--- RECORDS FOR THIS TASK Enclosed Below ---
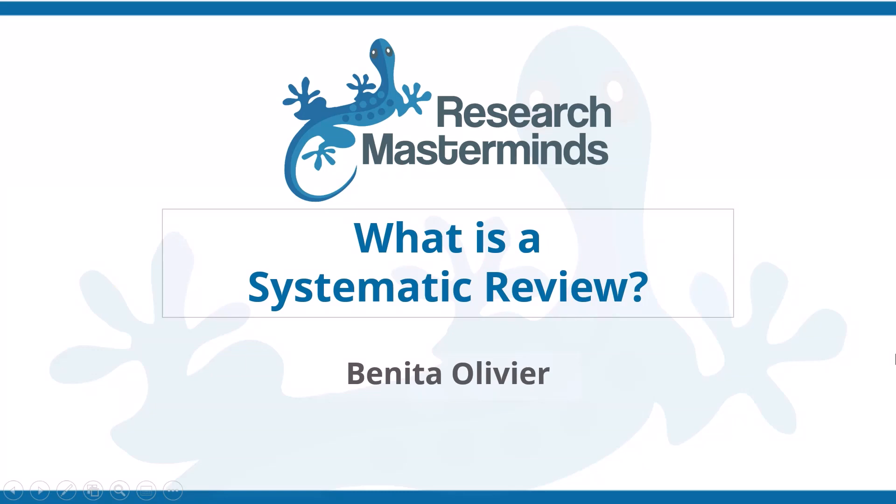If you are interested in scientific research, you may have heard the term systematic review. In this video, I'm going to explain to you what a systematic review is.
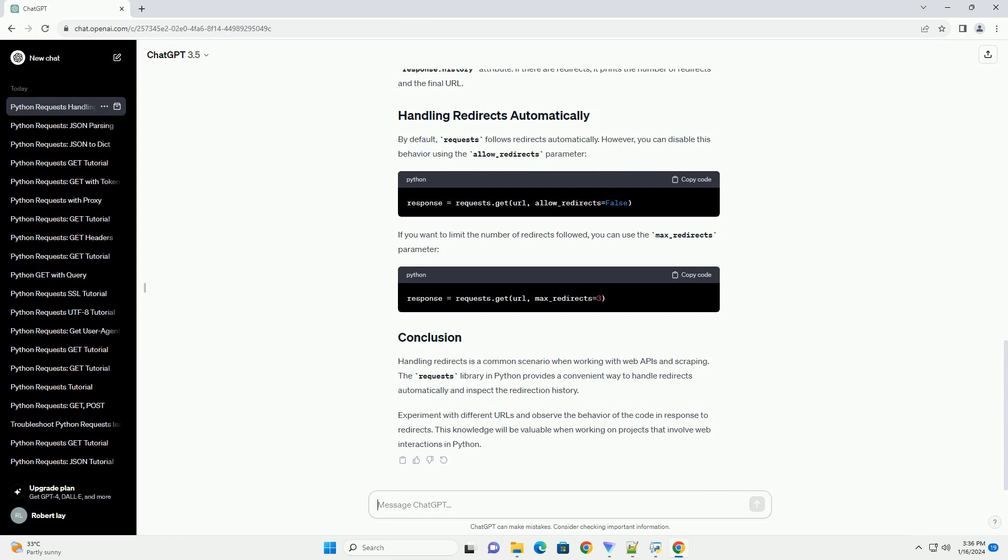Handling redirects is a common scenario when working with web APIs and scraping. The requests library in Python provides a convenient way to handle redirects automatically and inspect the redirection history.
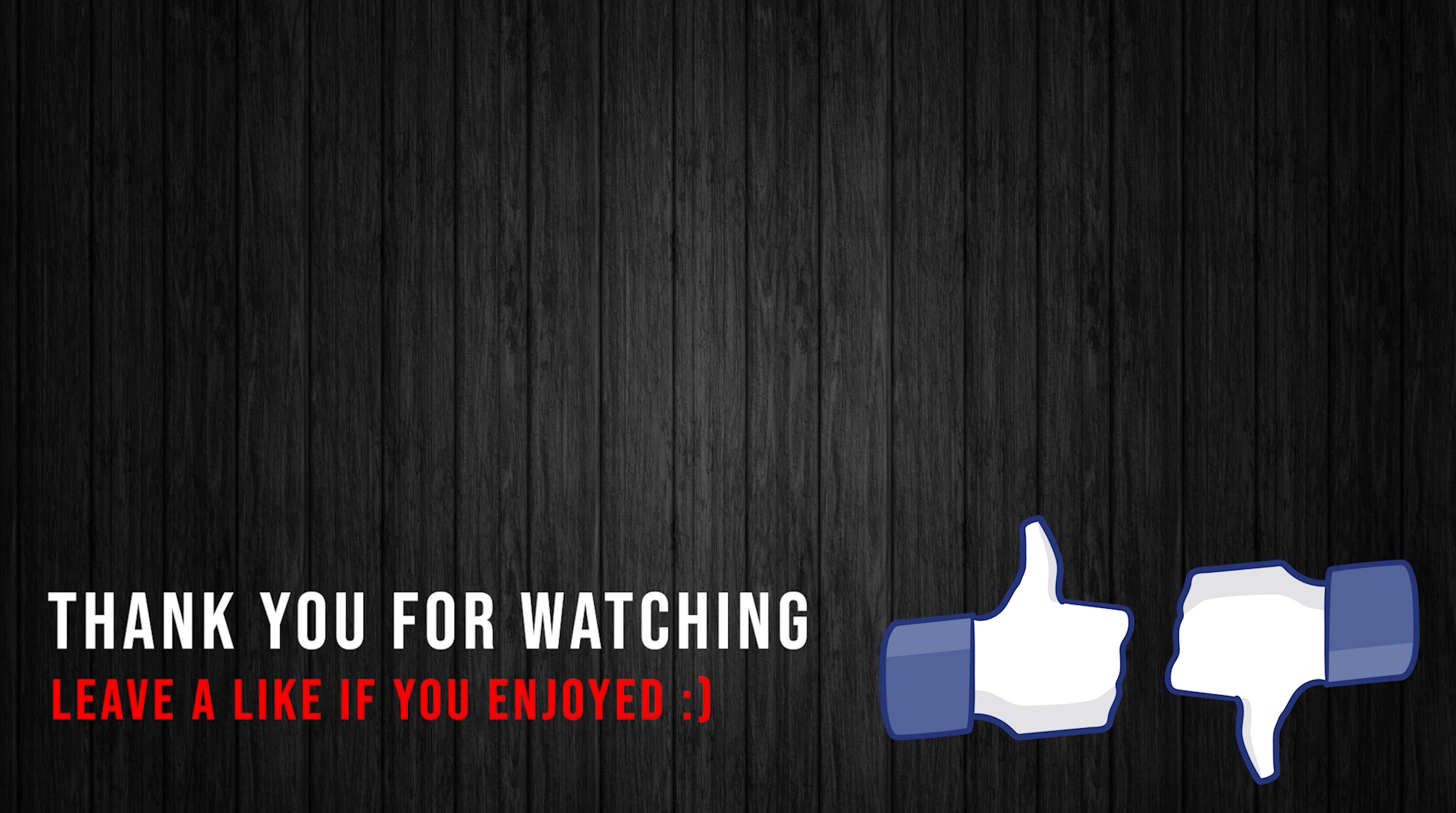Yeah, that's basically the full tutorial. If you enjoyed this, please leave a like. If you hated it, then dislike. And I will see you guys in the next one. Bye!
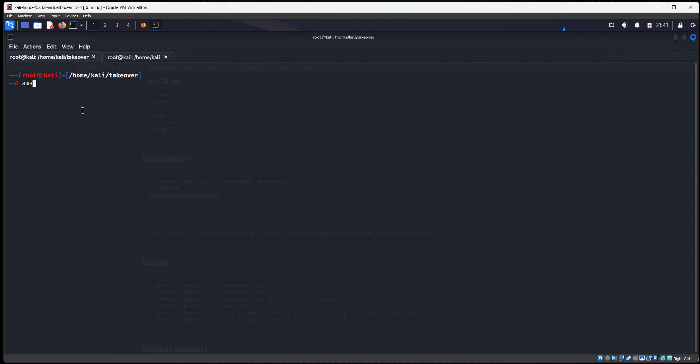So let's type amass. And then we'll type space enum. That's for enumerate. And then dash D for domain. And I'm going to put hacker101vids.com. And we're going to hit enter. This is going to take a while.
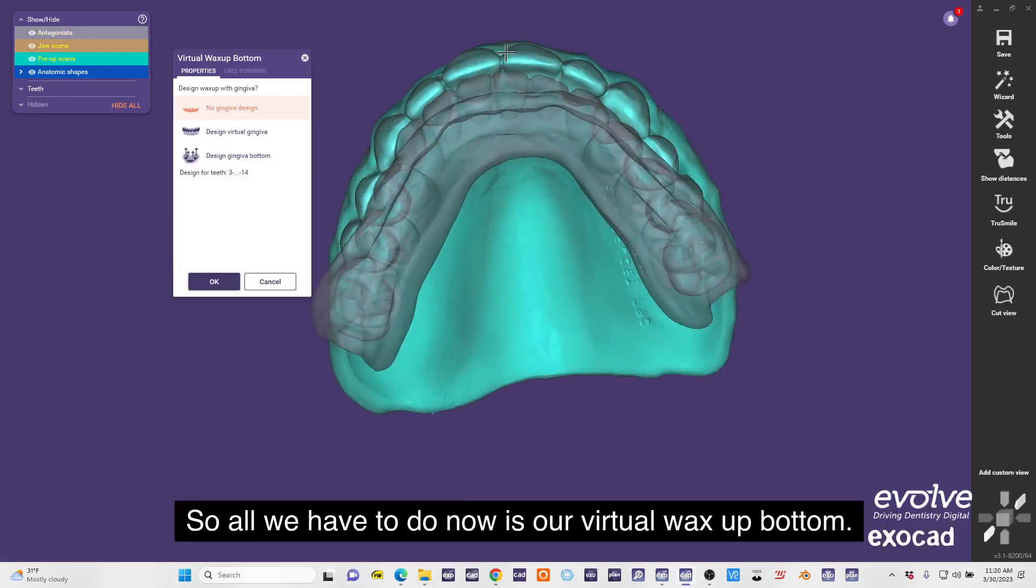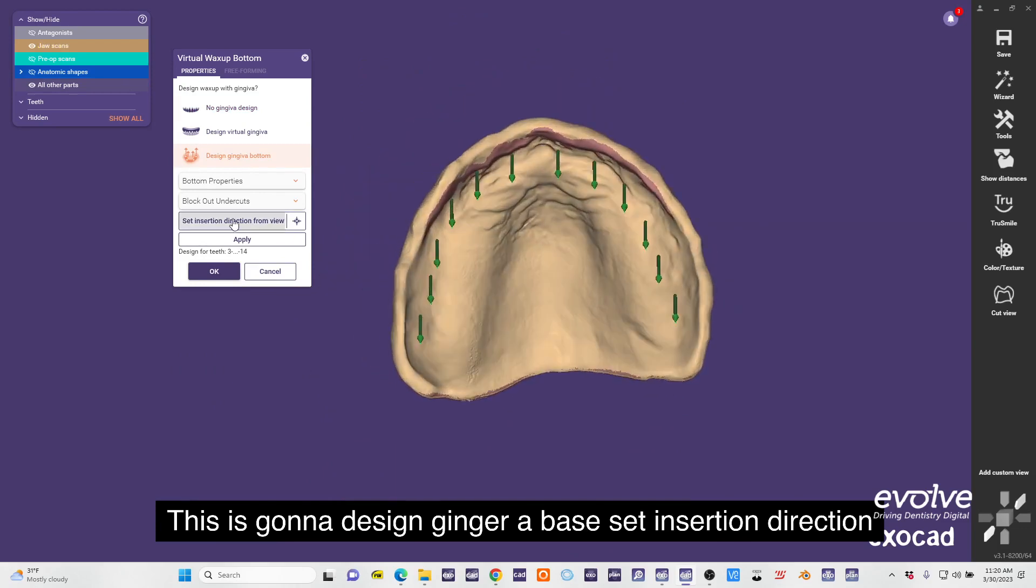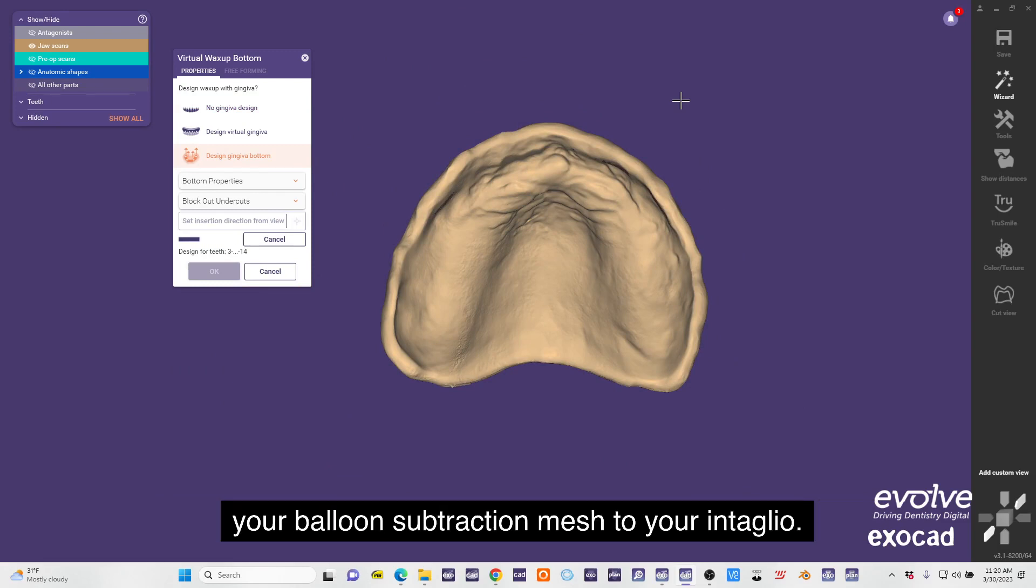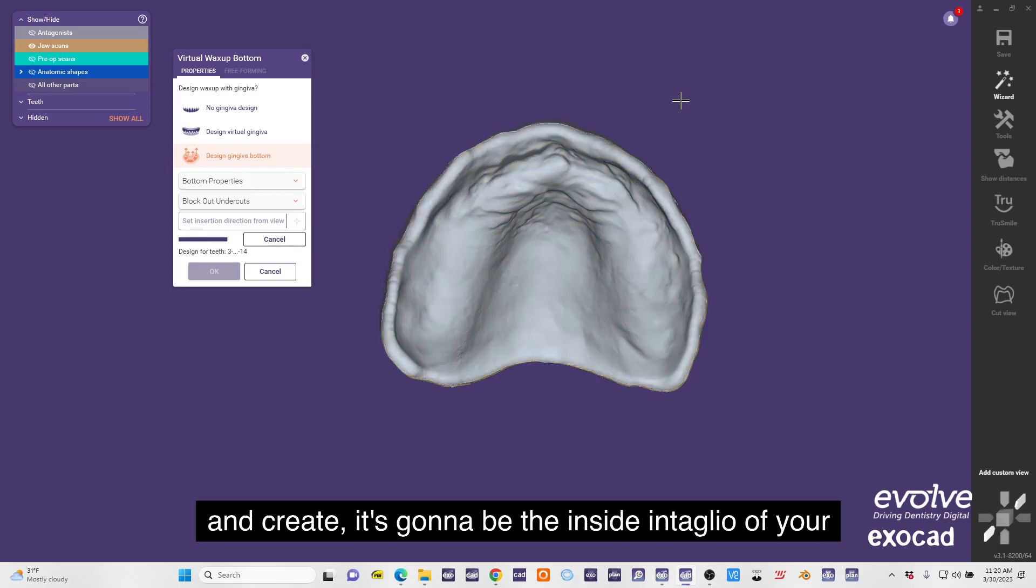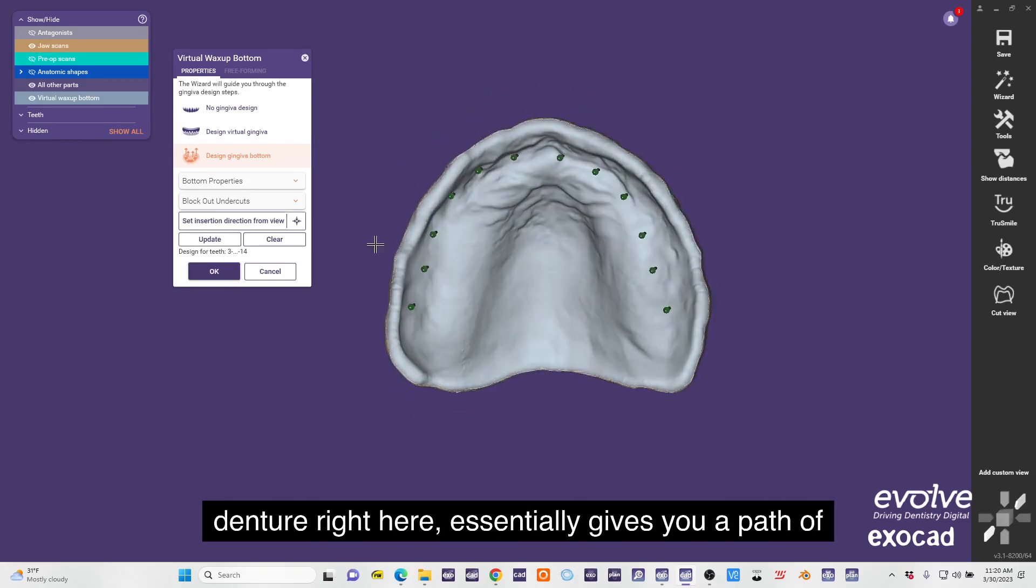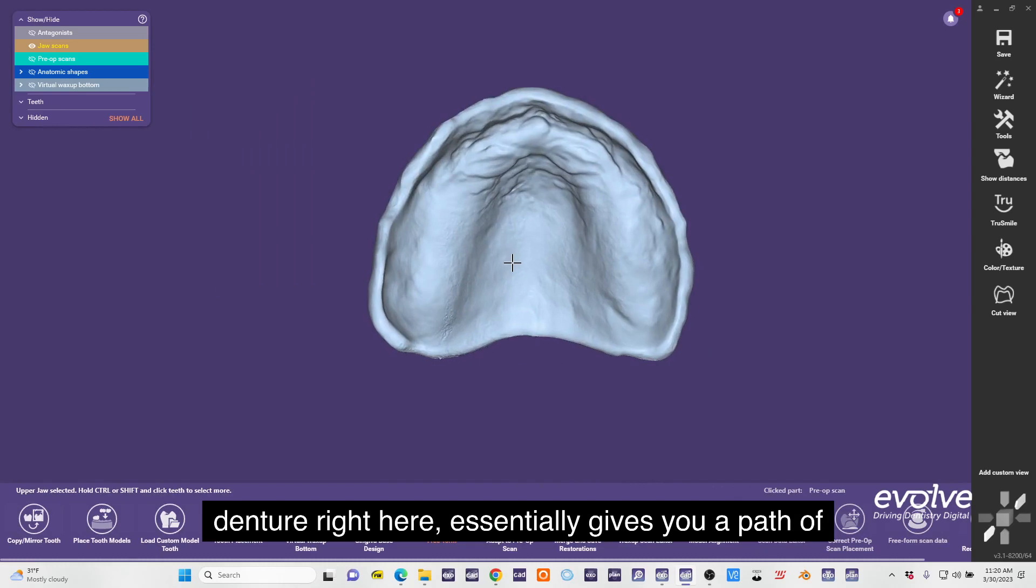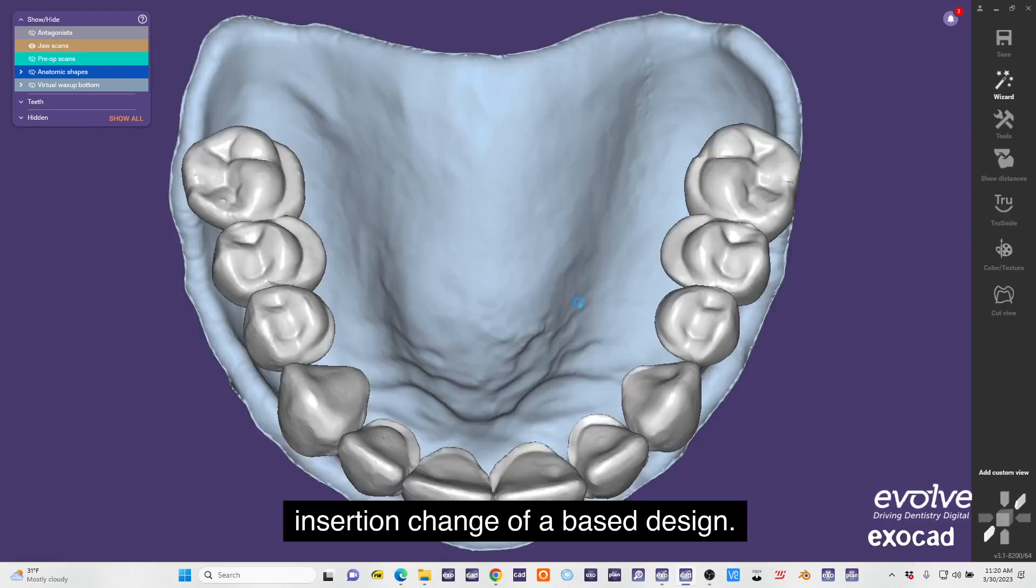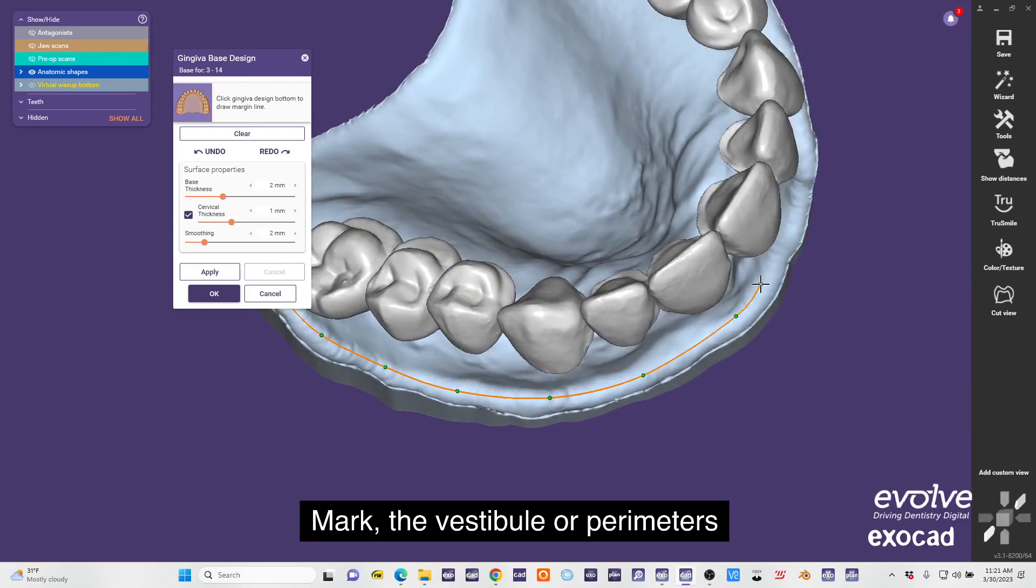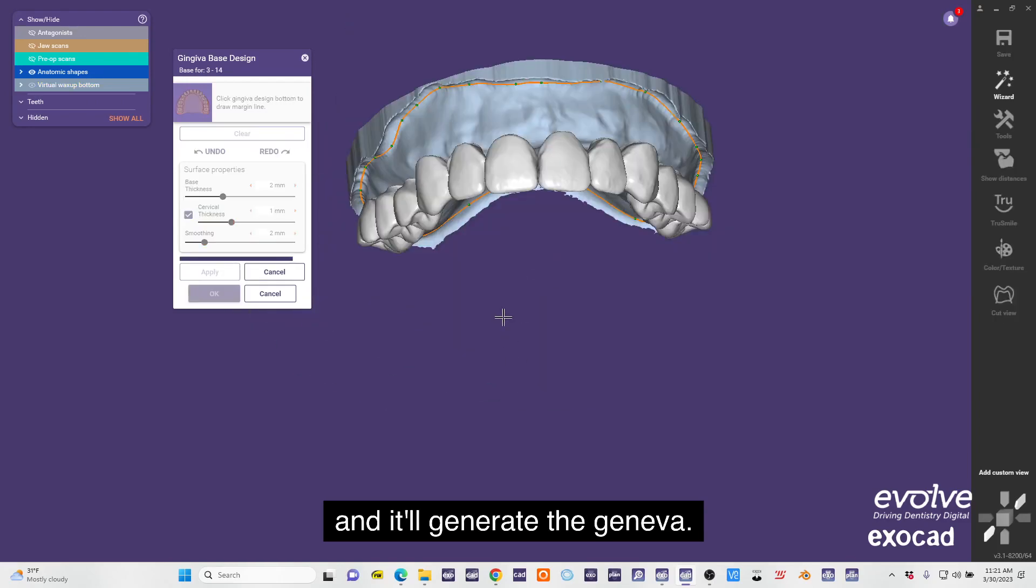All we have to do now is our virtual wax up bottom. This is going to design gingiva base, set insertion direction, and we can apply virtual wax of bottom. This is basically your boolean subtraction mesh to your intaglio - that's what's going to remove from your gingiva design and create the inside intaglio of your denture right here. Essentially gives you a path of insertion, change of base design, mark the vestibule or perimeters, and it'll generate the gingiva.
--- End of Enclosed RECORDS FOR THIS TASK ---
- _EXERCISE PROMPT_: The reply should hold an exact repeat of the entries from their opening line through the line with "Yeah, that's basically", and no pictures at all.

- _TASK SOLUTION_:
If you are interested in scientific research, you may have heard the term systematic review. In this video, I'm going to explain to you what a systematic review is.
Handling redirects is a common scenario when working with web APIs and scraping. The requests library in Python provides a convenient way to handle redirects automatically and inspect the redirection history.
Yeah, that's basically the full tutorial. If you enjoyed this, please leave a like. If you hated it, then dislike. And I will see you guys in the next one. Bye!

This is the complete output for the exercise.